CodeNinja
CodeNinja

Reputation: 3278

Populate a sql table with duplicate data except for one column

I have a sql table :

Levels

LevelId Min Product
1       x    1
2       y    1
3       z    1
4       a    1

I need to duplicate the same data into the database by changing only the product Id from 1 2,3.... 40

example

 LevelId Min Product
    1       x    2
    2       y    2
    3       z    2
    4       a    2

I could do something like

INSERT INTO dbo.Levels SELECT top 4 * fROM dbo.Levels but that would just copy paste the data. Is there a way I can copy the data and paste it changing only the Product value?

Upvotes: 3

Views: 7257

Answers (4)

Gordon Linoff
Gordon Linoff

Reputation: 1269503

You can generate the product id's and then load them in:

with cte as (
      select 2 as n
      union all
      select n + 1
      from cte
      where n < 40
     )
INSERT INTO dbo.Levels(`min`, product)
    SELECT `min`, cte.n as product
    fROM dbo.Levels l cross join
         cte
    where l.productId = 1;

This assumes that the LevelId is an identity column, that auto-increments on insert. If not:

with cte as (
      select 2 as n
      union all
      select n + 1
      from cte
      where n < 40
     )
INSERT INTO dbo.Levels(levelid, `min`, product)
    SELECT l.levelid+(cte.n-1)*4, `min`, cte.n as product
    fROM dbo.Levels l cross join
         cte
    where l.productId = 1;

Upvotes: 1

jdl
jdl

Reputation: 1104

You could use a CROSS JOIN against a numbers table, for example.

WITH
  L0   AS(SELECT 1 AS C UNION ALL SELECT 1 AS O), -- 2 rows
  L1   AS(SELECT 1 AS C FROM L0 AS A CROSS JOIN L0 AS B), -- 4 rows
  Nums AS(SELECT ROW_NUMBER() OVER(ORDER BY (SELECT NULL)) AS N FROM L1)
SELECT
  lvl.[LevelID],
  lvl.[Min],
  num.[N]
FROM dbo.[Levels] lvl
CROSS JOIN Nums num

This would duplicate 4 times.

Upvotes: 0

Callie J
Callie J

Reputation: 31296

You're most of the way there - you just need to take one more logical step:

INSERT INTO dbo.Levels (LevelID, Min, Product)
    SELECT LevelID, Min, 2 FROM dbo.Levels WHERE Product = 1

...will duplicate your rows with a different product ID.

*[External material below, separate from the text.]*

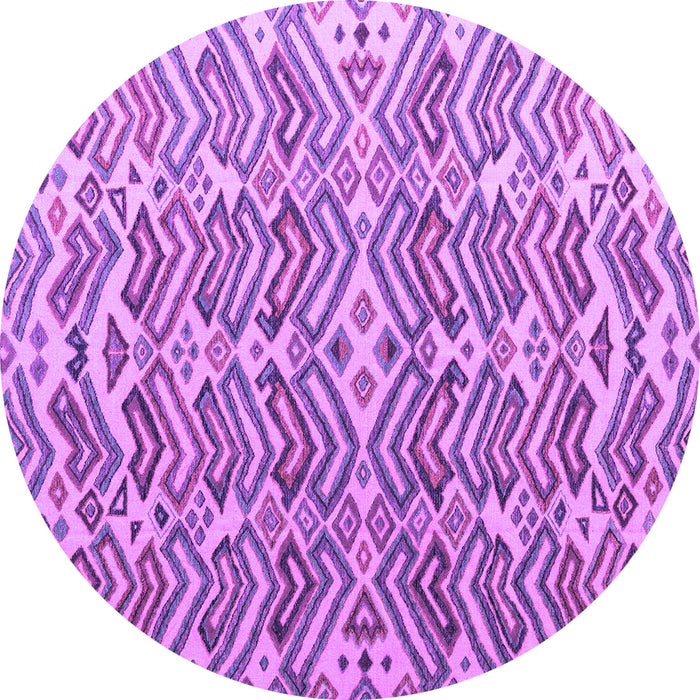 Round Machine Washable Abstract Purple Modern Area Rugs, wshabs4877pur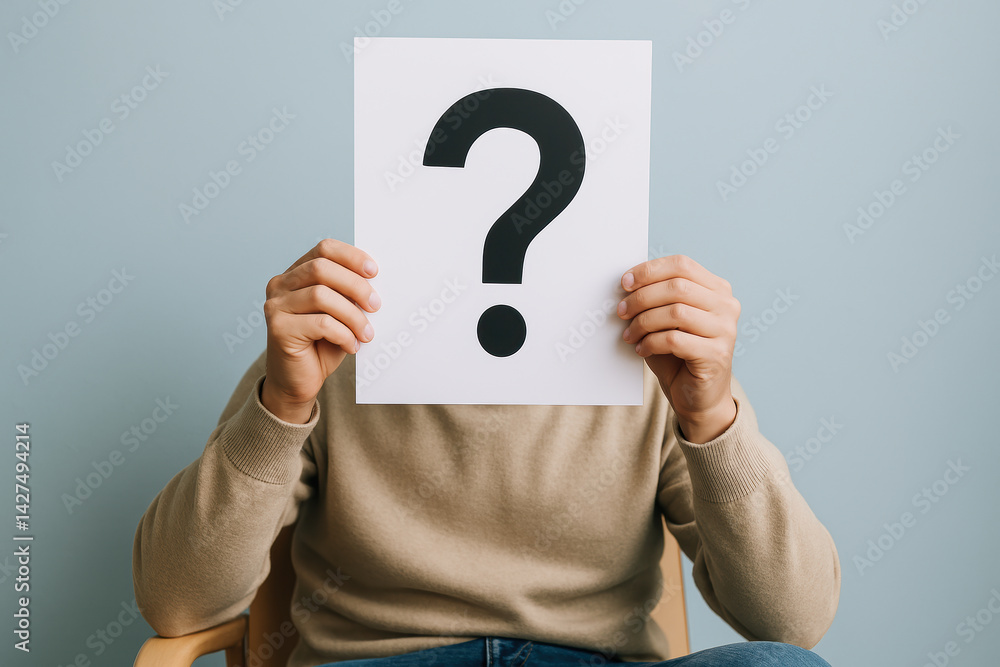 Mysterious person holding question mark sign in front of face Mysterious person holding question mark sign in front of face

Also consider that WHERE Product = 1 is going to be more reliable than TOP 4. Once you have more than four rows in the table, you will not be able to guarantee that TOP 4 will return the same four rows unless you also add an ORDER BY to the select, however WHERE Product = ... will always return the same rows, and will continue to work even if you add an extra row with a product ID of 1 (where as you'd have to consider changing TOP 4 to TOP 5, and so on if extra rows are added).

Upvotes: 4

Timothy Walters
Timothy Walters

Reputation: 16874

INSERT INTO dbo.Levels (LevelId, Min, Product)
SELECT TOP 4
    LevelId,
    Min,
    2
FROM dbo.Levels

You can include expressions in the SELECT statement, either hard-coded values or something like Product + 1 or anything else.

I expect you probably wouldn't want to insert the LevelId though, but left that there to match your sample. If you don't want that just remove it from the INSERT and SELECT sections.